+++ THE INPUT +++

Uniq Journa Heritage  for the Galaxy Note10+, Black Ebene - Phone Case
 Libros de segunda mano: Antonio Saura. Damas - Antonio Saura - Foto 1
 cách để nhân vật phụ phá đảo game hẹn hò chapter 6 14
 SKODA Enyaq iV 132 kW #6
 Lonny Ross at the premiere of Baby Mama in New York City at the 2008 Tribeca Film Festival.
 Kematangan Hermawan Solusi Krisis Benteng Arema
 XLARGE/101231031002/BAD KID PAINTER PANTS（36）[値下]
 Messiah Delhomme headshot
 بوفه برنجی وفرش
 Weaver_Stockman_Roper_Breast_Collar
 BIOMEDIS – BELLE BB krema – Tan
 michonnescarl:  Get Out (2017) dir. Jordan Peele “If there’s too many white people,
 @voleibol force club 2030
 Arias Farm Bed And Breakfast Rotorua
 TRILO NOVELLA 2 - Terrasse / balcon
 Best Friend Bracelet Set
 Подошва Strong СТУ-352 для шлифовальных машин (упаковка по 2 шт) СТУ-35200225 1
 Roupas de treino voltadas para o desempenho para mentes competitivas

+++

→ EXERCISE INSTRUCTIONS
After reading the listing, copy it out exactly and in full.

→ SOLUTION
Uniq Journa Heritage  for the Galaxy Note10+, Black Ebene - Phone Case
 Libros de segunda mano: Antonio Saura. Damas - Antonio Saura - Foto 1
 cách để nhân vật phụ phá đảo game hẹn hò chapter 6 14
 SKODA Enyaq iV 132 kW #6
 Lonny Ross at the premiere of Baby Mama in New York City at the 2008 Tribeca Film Festival.
 Kematangan Hermawan Solusi Krisis Benteng Arema
 XLARGE/101231031002/BAD KID PAINTER PANTS（36）[値下]
 Messiah Delhomme headshot
 بوفه برنجی وفرش
 Weaver_Stockman_Roper_Breast_Collar
 BIOMEDIS – BELLE BB krema – Tan
 michonnescarl:  Get Out (2017) dir. Jordan Peele “If there’s too many white people,
 @voleibol force club 2030
 Arias Farm Bed And Breakfast Rotorua
 TRILO NOVELLA 2 - Terrasse / balcon
 Best Friend Bracelet Set
 Подошва Strong СТУ-352 для шлифовальных машин (упаковка по 2 шт) СТУ-35200225 1
 Roupas de treino voltadas para o desempenho para mentes competitivas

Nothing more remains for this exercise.